Have you ever wondered what would have happened to you if the Islamic Revolution had not happened in Iran?

Photo source


more from Javad Yassari
Javad Yassari

Thank you.

by Javad Yassari on

Thank you all for your candid and kind comments.  As usual, I learned from you.

I don't have any illusions that we would have all become ministers or high officials in Iran, but I do believe that a select few of Iranians who have been living in diaspora could have been beneficial and effective for Iran. 

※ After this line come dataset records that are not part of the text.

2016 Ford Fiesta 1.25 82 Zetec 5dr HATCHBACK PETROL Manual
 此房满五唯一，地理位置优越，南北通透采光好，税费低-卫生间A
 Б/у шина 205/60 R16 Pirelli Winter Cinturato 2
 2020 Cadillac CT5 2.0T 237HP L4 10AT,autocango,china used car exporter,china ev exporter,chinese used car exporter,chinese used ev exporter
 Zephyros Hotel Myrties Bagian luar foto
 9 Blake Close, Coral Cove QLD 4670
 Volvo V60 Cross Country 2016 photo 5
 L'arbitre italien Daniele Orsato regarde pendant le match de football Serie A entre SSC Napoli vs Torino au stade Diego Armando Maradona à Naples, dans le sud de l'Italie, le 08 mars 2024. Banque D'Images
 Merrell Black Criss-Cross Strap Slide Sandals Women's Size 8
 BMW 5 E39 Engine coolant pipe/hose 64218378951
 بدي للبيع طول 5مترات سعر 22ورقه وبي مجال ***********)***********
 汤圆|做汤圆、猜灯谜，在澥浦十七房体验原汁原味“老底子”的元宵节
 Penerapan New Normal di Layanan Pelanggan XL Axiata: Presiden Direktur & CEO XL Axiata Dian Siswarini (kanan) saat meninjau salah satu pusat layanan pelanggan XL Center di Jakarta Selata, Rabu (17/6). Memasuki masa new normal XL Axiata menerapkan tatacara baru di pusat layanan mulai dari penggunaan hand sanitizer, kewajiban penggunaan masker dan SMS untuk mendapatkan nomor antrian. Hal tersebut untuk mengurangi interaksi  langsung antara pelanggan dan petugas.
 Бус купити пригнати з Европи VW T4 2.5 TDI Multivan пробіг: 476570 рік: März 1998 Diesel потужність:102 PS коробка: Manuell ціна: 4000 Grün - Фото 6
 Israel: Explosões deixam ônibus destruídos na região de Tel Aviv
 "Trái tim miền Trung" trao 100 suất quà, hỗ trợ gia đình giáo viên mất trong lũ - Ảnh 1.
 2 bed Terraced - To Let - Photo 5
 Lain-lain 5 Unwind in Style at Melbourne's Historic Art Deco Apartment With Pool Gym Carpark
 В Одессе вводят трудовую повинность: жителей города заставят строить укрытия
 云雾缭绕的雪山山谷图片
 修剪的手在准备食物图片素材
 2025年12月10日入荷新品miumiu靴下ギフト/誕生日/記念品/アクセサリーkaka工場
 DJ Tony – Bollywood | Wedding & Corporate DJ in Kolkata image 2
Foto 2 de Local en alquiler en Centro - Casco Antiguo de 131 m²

The problems facing Iran are not limited to the absence of some of its best minds who have helped other countries in their science, technology, and business.  The ideological rule of Islamic Republic of Iran has limited many areas of creativity and effective productivity for Iranians, whether ordinary or gifted.  In other words, even if Iranian scientists who work for NASA and similar organizations had returned to Iran, they wouldn't have been able to be as effective in an environment which does not or cannot support those individuals' personal and professional needs into delivery of desirable comparable results.

In a way, I'm glad none of us seem to have a clear idear of how our lives would have panned out had the revolution not happened!  Our lives would have been really boring if they had been so predictable!  I do believe that Iranians inside Iran have made great intellectual progress over the years of hardship they have experienced; so maybe afterall, things all happened the way they were supposed to in order to complete the cycle of learning and individual knowledge will be the imperative tool with which to overcome ignorance and to build a better Iran, maybe not in my lifetime, but as compared to the span of history, soon enough.

Thank you all again. 



and my story...

by Monda on

Aghaye Yassari aziz, is that when I left Iran in '78 as a transferring student, I seriously thought I'd be back home that summer, then the next summers until I  finished graduate school, to be hired at some executive position by the Ministry of Economics or sherkat naft. I did not get to go back for 7 years!  Nor did I remain interested in any of those pursuits. What I did accomplish though was the chance to redefine my ideals, by evaluating my influences back home and working on discovering new ones.

I would not recognize myself without the challenges I was faced, having had to start my life without much support, from scratch. In the meantime, I catch myself thinking about how much more I could be contributing to those back home. I built a home here for myself and my family, yet I still dream of what home was. 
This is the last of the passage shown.